Skeletons is an odd but hugely enjoyable debut from Nick Whitfield. The film won the Michael Powell award at 2010’s Edinburgh film festival and deservedly so.
Bennett (Andrew Buckley) and Davis (Ed Gaughan) are travelling salesmen. They wander about rural areas with wonderful hand-drawn illustrations, which guide them to their destinations like a map, always travelling across rolling hills and along railway tracks, but never roads for some reason. The duo wander in and out of people’s lives, performing a mysterious ‘procedure’, whereby hidden secrets and lies are revealed. When Bennett and Davis arrive at a remote family home and are unable to get the job done, they discover that you can’t always escape your own past.

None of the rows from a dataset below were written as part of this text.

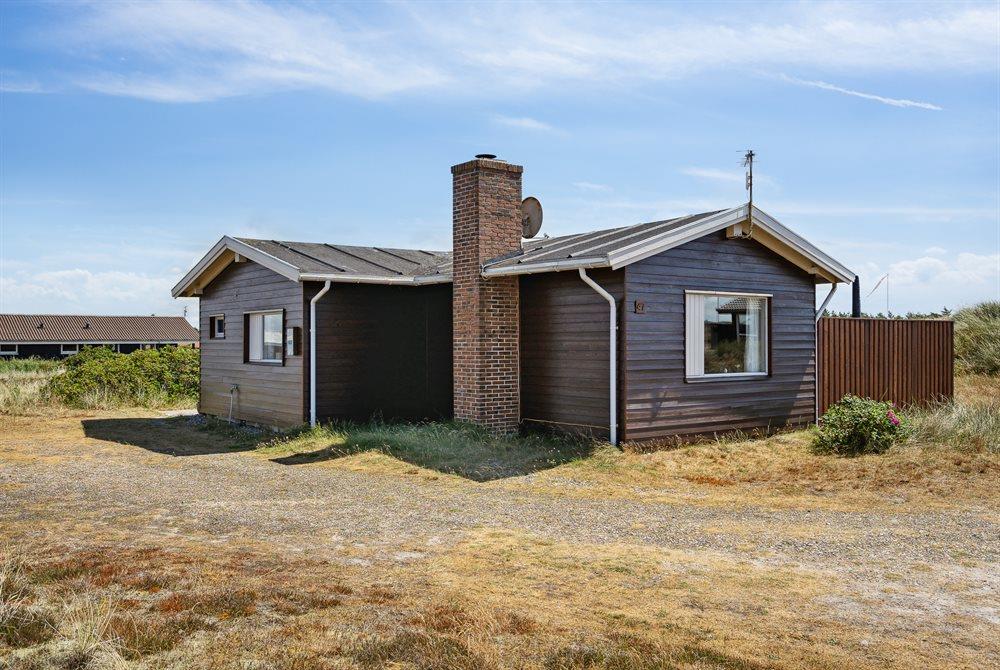 Sommerhus til 6 personer ved Bjerregård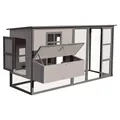 Flamingo Hühnerstall Calypso Cottage, 22,2 x 102 x 111,5 cm UVP 499,00 EUR, NEU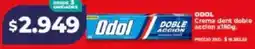 Supermayorista Vital Doble crema dent doble accion oferta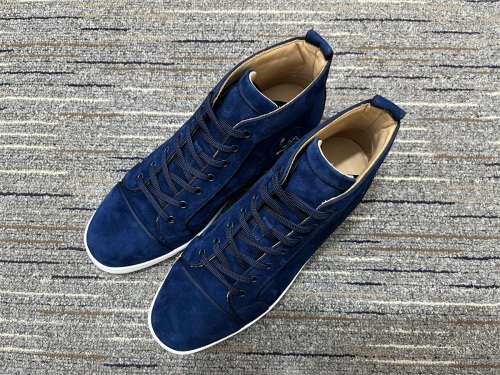 Men Women C*hristian L*ouboutin Top Sneaker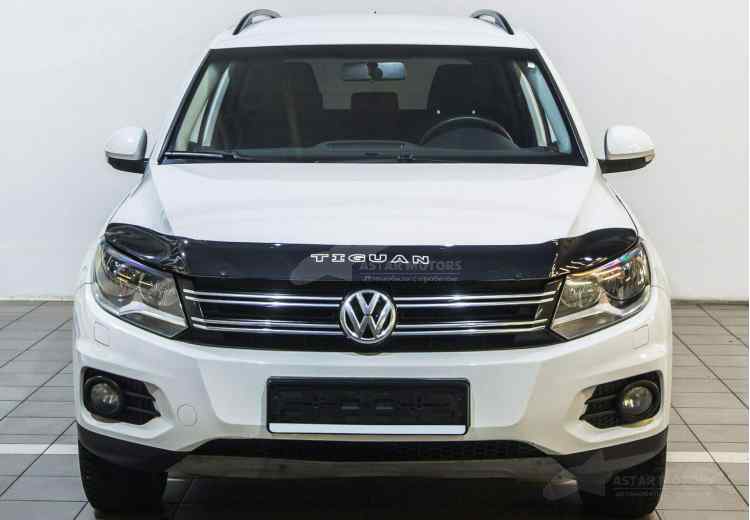 Volkswagen Tiguan I Рестайлинг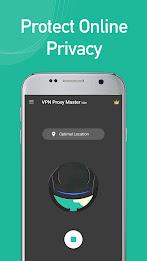 NAS VPN - Secure VPN Proxy應用截圖第4張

The ‘procedure’ that Bennett and Davis carry-out involves finding a ‘hot-spot’, which is always in a cupboard, and then they use some weird equipment that wouldn’t be out of place in one of the Ghostbusters films, to gather their information. It would be easy to fall into the trap of describing Bennett and Davis as British ‘ghostbusters’ or exorcists, but that would be inaccurate.
Bennett, Davis and their shady employer, ‘The Colonel’ (Jason Isaacs), are all involved in some sort of supernatural business, that’s for certain. But the mysterious ‘procedure’ appears to have more in common with telepathy than exorcism, with Bennett and Davis reliving their clients’ experiences, exposing their secrets and lies, from salsa lessons to curb crawling.
At only 94 minutes long the film is fairly punchy and frequently interspersed with black humour. The moment that Davis finally turns ‘Bulgarian’ is particularly amusing, as is the bickering between Bennett and Davis, and most of the scenes involving the gloriously moustached, Jason Isaacs.
Skeletons is a dry but often heartfelt black comedy and it features two great performances from Ed Gaughan and Jason Isaacs. This is a quirky, eccentric British film, which clearly marks its director as a talent to watch.